[Your task]
Copy each line of the records that includes "Passat".

[The data]
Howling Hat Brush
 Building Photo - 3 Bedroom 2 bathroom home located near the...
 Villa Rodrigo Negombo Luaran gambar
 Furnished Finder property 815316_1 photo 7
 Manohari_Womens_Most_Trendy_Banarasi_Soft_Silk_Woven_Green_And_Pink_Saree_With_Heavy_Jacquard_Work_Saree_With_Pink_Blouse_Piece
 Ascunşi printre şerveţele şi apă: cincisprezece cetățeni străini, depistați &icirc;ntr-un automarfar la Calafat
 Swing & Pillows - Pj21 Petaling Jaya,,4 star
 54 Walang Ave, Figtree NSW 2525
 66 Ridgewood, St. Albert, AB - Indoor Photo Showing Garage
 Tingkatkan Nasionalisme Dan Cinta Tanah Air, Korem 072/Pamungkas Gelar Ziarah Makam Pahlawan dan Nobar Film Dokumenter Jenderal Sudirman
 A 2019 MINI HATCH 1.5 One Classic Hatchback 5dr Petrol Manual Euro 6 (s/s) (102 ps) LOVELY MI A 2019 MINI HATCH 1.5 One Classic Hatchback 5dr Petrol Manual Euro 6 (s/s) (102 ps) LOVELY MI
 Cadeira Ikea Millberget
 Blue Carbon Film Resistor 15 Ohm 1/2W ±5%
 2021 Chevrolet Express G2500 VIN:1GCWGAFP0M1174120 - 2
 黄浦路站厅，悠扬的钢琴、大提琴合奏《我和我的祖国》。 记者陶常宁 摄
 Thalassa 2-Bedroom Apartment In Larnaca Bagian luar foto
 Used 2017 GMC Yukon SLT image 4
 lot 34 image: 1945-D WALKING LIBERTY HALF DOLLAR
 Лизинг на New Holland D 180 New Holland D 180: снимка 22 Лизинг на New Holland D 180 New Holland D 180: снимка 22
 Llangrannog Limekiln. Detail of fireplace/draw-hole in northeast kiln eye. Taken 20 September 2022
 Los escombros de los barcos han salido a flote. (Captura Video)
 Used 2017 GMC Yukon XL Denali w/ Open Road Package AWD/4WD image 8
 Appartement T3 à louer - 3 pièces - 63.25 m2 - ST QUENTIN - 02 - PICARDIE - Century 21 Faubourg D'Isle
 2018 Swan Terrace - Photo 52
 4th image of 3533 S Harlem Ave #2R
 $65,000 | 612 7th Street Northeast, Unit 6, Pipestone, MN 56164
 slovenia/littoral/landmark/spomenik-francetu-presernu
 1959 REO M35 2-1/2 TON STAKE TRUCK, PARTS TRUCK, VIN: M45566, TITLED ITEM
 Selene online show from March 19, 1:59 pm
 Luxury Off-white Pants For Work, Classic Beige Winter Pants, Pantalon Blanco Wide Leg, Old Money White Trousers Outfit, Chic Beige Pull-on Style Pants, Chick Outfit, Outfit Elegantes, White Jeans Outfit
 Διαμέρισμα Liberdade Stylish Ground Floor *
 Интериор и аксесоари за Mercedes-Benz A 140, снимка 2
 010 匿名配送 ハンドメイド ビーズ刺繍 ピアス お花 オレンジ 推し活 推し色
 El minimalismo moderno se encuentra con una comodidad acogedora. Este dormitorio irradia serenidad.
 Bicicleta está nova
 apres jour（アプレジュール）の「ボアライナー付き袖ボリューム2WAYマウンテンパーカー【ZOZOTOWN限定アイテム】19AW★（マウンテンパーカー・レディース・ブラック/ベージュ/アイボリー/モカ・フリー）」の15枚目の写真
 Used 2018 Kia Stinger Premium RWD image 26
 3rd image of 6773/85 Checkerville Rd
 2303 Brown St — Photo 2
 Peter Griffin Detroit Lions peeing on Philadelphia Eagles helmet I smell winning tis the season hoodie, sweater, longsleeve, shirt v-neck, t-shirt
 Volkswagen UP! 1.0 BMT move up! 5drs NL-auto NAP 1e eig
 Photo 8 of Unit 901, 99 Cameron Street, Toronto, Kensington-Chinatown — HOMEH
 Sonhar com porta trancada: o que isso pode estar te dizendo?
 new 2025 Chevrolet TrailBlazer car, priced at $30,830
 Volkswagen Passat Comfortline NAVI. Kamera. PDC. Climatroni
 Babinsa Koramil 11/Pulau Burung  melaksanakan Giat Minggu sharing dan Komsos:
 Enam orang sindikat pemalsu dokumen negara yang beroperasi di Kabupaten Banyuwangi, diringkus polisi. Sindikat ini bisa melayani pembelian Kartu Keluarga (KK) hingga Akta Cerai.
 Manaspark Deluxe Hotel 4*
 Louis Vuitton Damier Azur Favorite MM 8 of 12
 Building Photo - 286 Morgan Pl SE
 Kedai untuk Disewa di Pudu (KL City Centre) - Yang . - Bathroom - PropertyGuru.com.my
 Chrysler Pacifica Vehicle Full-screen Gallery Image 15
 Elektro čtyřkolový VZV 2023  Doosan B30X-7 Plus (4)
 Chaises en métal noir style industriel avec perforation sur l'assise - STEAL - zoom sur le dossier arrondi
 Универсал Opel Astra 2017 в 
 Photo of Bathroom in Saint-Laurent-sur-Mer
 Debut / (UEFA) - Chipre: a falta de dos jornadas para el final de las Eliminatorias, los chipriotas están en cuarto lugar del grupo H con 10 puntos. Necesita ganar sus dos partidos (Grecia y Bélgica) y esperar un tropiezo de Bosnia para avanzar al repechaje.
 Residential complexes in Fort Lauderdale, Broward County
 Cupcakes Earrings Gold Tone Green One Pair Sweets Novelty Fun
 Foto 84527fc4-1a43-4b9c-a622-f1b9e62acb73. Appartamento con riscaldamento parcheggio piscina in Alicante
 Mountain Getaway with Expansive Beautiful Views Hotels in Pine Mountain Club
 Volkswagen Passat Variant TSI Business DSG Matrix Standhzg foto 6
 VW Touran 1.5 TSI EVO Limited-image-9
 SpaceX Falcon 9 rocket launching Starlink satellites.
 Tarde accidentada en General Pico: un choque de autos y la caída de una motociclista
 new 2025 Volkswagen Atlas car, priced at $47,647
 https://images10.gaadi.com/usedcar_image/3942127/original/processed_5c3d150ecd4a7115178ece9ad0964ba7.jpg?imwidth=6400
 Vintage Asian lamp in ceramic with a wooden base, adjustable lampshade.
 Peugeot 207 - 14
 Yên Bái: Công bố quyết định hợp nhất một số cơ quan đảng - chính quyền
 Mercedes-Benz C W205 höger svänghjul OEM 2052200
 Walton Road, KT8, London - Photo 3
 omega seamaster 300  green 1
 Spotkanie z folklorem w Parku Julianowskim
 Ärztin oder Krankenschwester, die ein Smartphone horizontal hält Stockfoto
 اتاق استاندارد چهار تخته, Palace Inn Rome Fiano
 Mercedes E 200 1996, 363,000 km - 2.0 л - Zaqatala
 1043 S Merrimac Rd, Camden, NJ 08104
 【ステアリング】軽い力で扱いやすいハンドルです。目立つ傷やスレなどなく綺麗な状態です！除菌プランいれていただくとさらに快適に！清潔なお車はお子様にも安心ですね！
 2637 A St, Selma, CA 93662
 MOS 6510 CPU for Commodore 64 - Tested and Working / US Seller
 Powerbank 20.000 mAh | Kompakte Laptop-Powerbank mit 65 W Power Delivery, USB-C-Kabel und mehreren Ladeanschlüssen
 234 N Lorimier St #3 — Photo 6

[Finished task]
 Volkswagen Passat Comfortline NAVI. Kamera. PDC. Climatroni
 Volkswagen Passat Variant TSI Business DSG Matrix Standhzg foto 6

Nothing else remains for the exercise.